Happy Birthday to me!

And so the story goes…

It was 25 years to the day I was born. By some stroke of luck, I had my birthday free from work for the first time in… forever… or since I started working… or maybe just since the last two years. The only downfall of this dream scenario was that in 2008 my birthday fell on a Wednesday. Hardly a day for others to come out and play. I had a single meeting tying me to the following day. With a day and half off it seemed to be the perfect opportunity to get the heck out of town for the night.

The plan: I’d head to Duluth for the night. Stop at some state parks along the drive. Stay in a kickass hotel. And I’d go it alone.

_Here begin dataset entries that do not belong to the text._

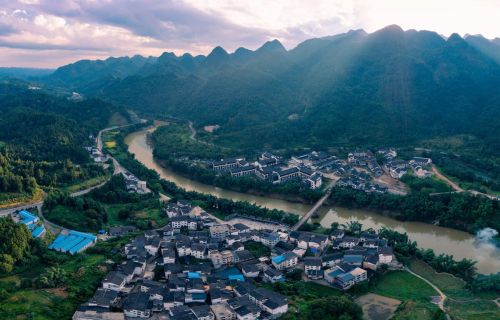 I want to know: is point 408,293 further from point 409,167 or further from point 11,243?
point 409,167

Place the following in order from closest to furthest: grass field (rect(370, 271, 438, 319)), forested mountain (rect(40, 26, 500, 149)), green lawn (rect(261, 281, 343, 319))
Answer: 1. grass field (rect(370, 271, 438, 319))
2. green lawn (rect(261, 281, 343, 319))
3. forested mountain (rect(40, 26, 500, 149))

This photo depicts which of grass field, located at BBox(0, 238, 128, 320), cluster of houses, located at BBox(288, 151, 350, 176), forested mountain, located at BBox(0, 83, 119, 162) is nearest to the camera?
grass field, located at BBox(0, 238, 128, 320)

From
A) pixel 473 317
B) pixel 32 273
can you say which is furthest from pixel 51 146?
pixel 473 317

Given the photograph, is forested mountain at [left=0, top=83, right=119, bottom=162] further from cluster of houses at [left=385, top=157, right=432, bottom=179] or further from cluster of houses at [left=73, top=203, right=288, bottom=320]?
cluster of houses at [left=385, top=157, right=432, bottom=179]

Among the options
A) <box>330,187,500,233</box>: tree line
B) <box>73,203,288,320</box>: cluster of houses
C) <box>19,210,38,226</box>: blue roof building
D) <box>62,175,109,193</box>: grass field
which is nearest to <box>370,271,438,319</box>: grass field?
<box>73,203,288,320</box>: cluster of houses

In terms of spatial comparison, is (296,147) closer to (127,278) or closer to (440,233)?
(440,233)

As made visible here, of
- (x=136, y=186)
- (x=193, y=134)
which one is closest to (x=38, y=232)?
(x=136, y=186) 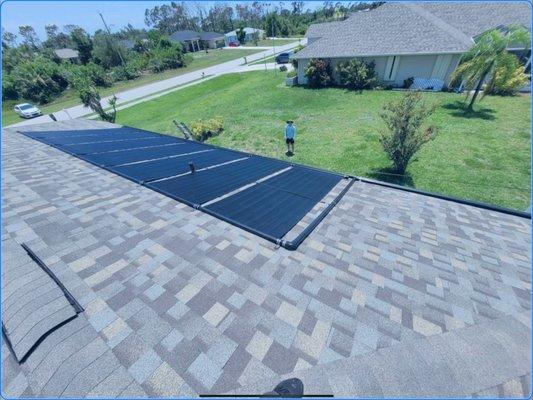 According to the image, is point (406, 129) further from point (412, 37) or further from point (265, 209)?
point (412, 37)

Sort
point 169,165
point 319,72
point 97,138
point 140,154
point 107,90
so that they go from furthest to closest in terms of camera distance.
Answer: point 107,90 < point 319,72 < point 97,138 < point 140,154 < point 169,165

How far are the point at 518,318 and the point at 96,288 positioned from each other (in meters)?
6.95

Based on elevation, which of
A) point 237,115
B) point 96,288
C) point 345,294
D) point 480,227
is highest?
point 96,288

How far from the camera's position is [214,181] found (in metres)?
7.64

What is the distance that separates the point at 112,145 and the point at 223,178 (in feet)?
25.1

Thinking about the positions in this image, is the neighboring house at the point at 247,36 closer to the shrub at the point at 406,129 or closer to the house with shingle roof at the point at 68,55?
the house with shingle roof at the point at 68,55

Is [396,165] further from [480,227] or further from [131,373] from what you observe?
[131,373]

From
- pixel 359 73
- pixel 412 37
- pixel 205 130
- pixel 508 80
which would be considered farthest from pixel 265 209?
pixel 412 37

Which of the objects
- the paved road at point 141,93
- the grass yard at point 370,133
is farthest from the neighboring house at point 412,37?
the paved road at point 141,93

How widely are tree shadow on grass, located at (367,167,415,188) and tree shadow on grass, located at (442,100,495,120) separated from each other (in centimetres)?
1124

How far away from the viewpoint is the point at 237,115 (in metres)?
23.9

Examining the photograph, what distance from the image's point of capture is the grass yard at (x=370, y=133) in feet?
39.3

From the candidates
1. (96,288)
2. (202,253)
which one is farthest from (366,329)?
(96,288)

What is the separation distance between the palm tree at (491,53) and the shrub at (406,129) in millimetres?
11521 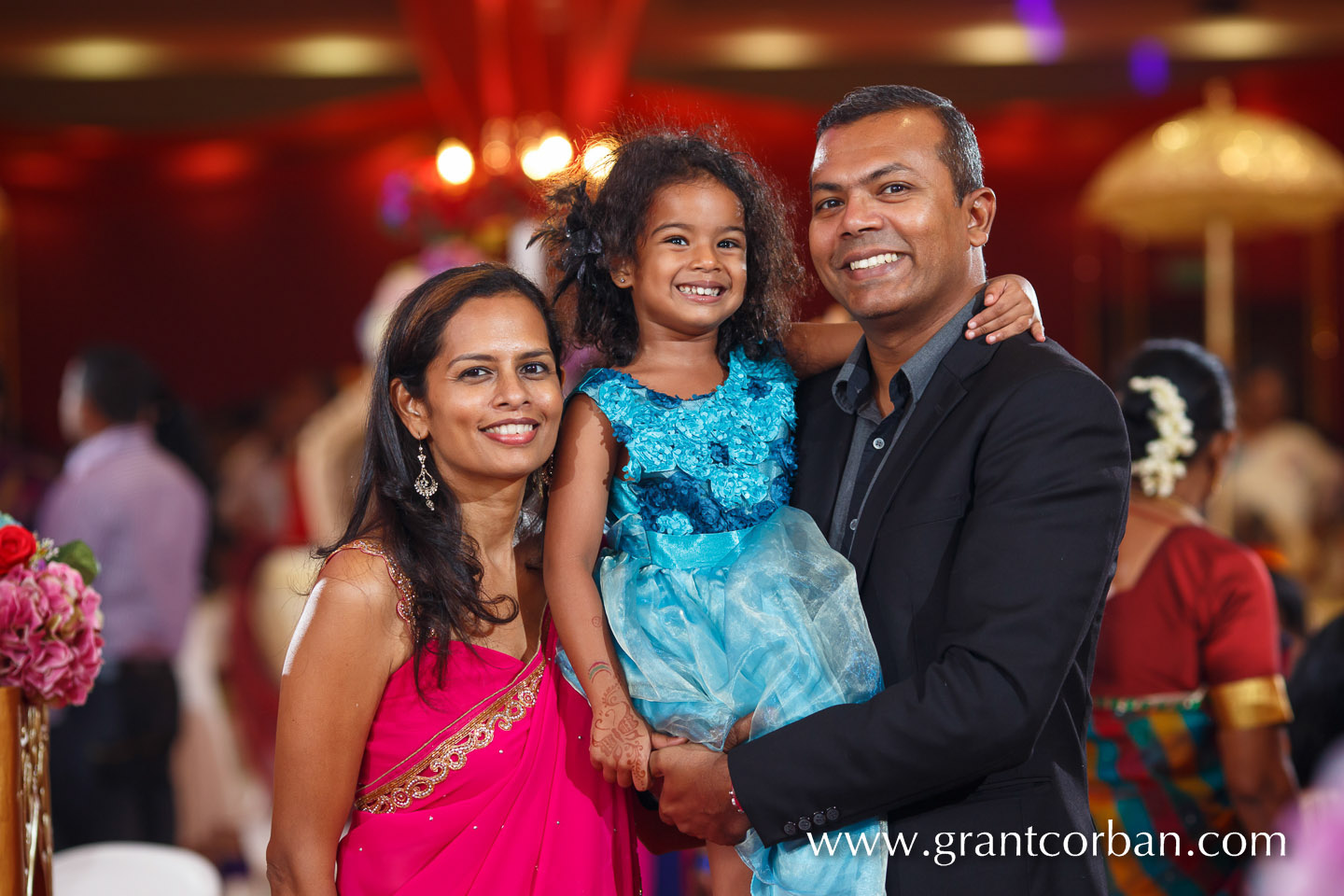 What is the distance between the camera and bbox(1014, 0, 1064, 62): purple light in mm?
9992

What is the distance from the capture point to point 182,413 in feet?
16.7

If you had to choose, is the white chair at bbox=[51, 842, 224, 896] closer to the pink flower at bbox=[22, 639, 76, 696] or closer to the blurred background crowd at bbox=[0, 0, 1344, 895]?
the pink flower at bbox=[22, 639, 76, 696]

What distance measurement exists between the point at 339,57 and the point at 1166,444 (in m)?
9.57

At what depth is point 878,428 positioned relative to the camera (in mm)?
1973

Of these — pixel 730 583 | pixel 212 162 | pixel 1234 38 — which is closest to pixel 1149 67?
pixel 1234 38

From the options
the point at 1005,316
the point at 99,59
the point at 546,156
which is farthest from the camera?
the point at 99,59

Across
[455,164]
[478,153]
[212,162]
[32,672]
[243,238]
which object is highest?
[212,162]

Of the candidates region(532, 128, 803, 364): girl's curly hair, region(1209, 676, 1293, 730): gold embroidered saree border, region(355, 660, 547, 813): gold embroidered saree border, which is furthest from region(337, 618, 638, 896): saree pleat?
region(1209, 676, 1293, 730): gold embroidered saree border

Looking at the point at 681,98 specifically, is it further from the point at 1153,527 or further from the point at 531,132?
the point at 1153,527

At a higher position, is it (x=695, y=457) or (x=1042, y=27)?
(x=1042, y=27)

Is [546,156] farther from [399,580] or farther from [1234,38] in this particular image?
[1234,38]

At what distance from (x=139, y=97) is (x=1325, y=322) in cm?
1010

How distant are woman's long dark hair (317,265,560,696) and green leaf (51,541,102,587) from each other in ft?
1.77

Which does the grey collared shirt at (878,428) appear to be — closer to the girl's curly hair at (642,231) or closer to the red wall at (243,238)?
the girl's curly hair at (642,231) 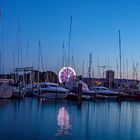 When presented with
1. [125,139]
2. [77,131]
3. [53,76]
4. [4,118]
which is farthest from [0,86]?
[53,76]

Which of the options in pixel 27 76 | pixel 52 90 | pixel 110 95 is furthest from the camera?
pixel 27 76

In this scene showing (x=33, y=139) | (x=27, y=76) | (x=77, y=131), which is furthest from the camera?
(x=27, y=76)

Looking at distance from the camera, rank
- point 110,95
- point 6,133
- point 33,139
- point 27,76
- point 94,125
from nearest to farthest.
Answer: point 33,139, point 6,133, point 94,125, point 110,95, point 27,76

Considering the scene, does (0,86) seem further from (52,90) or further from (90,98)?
(90,98)

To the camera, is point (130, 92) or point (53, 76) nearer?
point (130, 92)

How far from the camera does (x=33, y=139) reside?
23766 mm

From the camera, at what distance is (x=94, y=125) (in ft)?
108

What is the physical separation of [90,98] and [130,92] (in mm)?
11446

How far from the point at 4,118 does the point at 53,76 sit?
248ft

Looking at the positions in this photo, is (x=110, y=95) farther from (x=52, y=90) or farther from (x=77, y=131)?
(x=77, y=131)

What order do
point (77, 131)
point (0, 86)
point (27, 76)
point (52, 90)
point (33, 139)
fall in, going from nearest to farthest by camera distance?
1. point (33, 139)
2. point (77, 131)
3. point (0, 86)
4. point (52, 90)
5. point (27, 76)

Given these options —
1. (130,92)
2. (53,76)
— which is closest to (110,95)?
(130,92)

I went through the proper protocols. Single living always makes me feel like I should tell another human being when I am venturing out alone. I call ma. I don’t really know what my Wisconsin mother could really do, but somehow I know that it’s the kind of information that Mother’s are privy to.

I tell her my birthday plans. Mom’s DANGER-DANGER-dar beeped into life immediately. “Mary, you know it’s bow hunting season,” she warns. “Actually ma, it’s gun hunting season here.” Then I added, perhaps stupidly, “And they just lowered the killing age to ten.” I probably should have kept that one to myself. The frantic beeping was drowning out my own thinking.

Now, Mom is nervous, which makes me consider the threat. I know hunting isn’t permitted on state ground, but I also know that bullets don't just stop cold at territorial borders.

My second attempt at explaining my birthday plans fell to the ears of the stage hands at work. The same grizzly men that are overly protective of me. They’ve done their share of hunting and have their number of stories. After some pushing back and forth, I end up promising I will wear blaze orange.

Really?

Blaze orange isn’t a flattering color. I don’t have any blaze orange in my wardrobe. But I know where I can find some...

The stock pile of t-shirts from festivals my work puts on was picked over. Luckily for me extra extra large and obnoxious orange aren’t hot commodities. Perfect. Sorta. My brain was still grappling with, “I’m going to wear this?” I knew that it’s November weather and for the purpose it was serving (the not-getting-shot-at purpose), the giant size would fit snugly over my winter jacket.

And voila!




We have embarrassment.

I’m starting out my birthday as a humongous orange mass! A nickelodeon blob!

I actually doubted whether I could commit to the ridiculous nature of this, despite the sensibility of it all. I walked away from my van without my orange initially. I hiked down a hill and looked to the other side of the river. The non-state side of the river. God Dammit. I promised. About face.

I head back uphill and pulled the biggest shirt I have ever owned on, inside out, over my Columbia jacket. I would have been fine existing as an orange blob in my solitude. It was when I crossed paths with people donning their brown flannel and black Carhartts that turned my face a shade resembling my attire. Sometimes, I felt the urge to apologize to them. I don’t know what for. Mostly, I wanted to blurt, “My mom made me.” In reality, each time I could barely muster eye contact and felt their smirk against my skin.

It was not all for naught. I did hear some popping along my hike. I told myself they were trees falling in the forest. Lead trees exploding with a sudden burst of energy … that brought comfort.

That first stop was Banning State Park. A park that’s overlooked and underappreciated. I had never heard of it. The terrain carried some of my favorite things – water front, ruins, and rock face. The photo I am painting (still in process) was taken here, among others.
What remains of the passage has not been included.